December 23, 2021, started like any other day for Jo Spare. It ended like no other.
A busy mum-of-two, she was prepping for Christmas around work. She’d made a GP appointment after feeling run down and thinking she might have had tonsillitis. She nearly cancelled. Luckily, she didn’t.
“I was at the doctors that morning and arrived at the Royal and started chemo that night,” she recalled.
Having had a blood test at her GP surgery, the results were rang through to her later that afternoon in a phone call that changed everything.
“They told me I needed to get to the Osborne Building as soon as possible. Knowing the hospital, I knew what that meant.”
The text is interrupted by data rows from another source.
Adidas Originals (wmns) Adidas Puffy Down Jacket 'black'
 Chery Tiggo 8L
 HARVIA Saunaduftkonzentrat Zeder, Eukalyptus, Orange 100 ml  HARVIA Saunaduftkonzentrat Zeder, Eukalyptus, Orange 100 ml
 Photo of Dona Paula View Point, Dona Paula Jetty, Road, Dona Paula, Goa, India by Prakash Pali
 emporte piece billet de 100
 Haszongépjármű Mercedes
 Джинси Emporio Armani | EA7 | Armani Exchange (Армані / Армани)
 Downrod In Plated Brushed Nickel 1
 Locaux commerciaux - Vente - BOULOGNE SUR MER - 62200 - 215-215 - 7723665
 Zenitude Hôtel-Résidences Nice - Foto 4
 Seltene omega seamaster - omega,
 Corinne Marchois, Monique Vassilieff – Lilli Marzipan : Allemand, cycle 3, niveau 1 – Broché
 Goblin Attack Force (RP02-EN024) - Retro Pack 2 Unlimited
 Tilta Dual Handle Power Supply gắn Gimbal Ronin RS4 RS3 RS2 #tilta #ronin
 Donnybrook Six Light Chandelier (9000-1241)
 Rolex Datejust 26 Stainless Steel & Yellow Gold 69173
Jo went into autopilot and quickly packed a bag, with Covid visiting restrictions in place, her husband dropped her off at the hospital, neither of
them knowing then that they wouldn’t see each other again for eight weeks.
“It sounds mad but as I sat there, having started cancer treatment literally hours after a blood test, I was just relieved I’d wrapped the presents and sorted a turkey. It hadn’t sunk in.”
Jo’s diagnosis – acute myloid leukaemia - meant she would need four bouts of chemotherapy. The first was delivered in hospital. She spent Christmas Day and the weeks that followed alone in hospital, unable to see her family.
“It was just so tough, looking back now I don’t know how we did it.
“The staff were lovely and I spoke to my family on FaceTime but it was mentally so challenging.”
Not allowing herself to think she’d be repeating the feat another three times, it was a conversation that took place before she was discharged after her first round of treatment that perked Jo up.
“There was talk of perhaps being able to have my chemo at home. When it was offered I didn’t even have to think about it.”
The ambulatory care team were called in and a treatment plan was drawn up.
“Natasha and Anika have been amazing. They haven’t just supported me but my whole family.
“The fact I’ve been able to stay at home, sleep in my own bed, eat my own food, all while being treated for cancer has made such a difference to my experience and to my recovery.”
Chemotherapy drugs are administered through a pump, meaning patients can live at home, with the oversight of a dedicated team and regular appointments.
Ambulatory Care and Post-Transplant Specialist Nurses Anika Sirel and Natasha Woolgar arepart of the team supporting patients to continue treatment at home, are clear on the benefits too.
“The service really is about doing what we can to make what is an incredibly difficult time just a little bit more manageable and bearable.
“Helping patients get the care they need and be at home while they get it is something we’re really pleased to offer.
“But we recognise that for some patients it doesn’t work and isn’t what they want and that’s ok too.
“We still get the chance to support our patients and that’s what our role is all about.”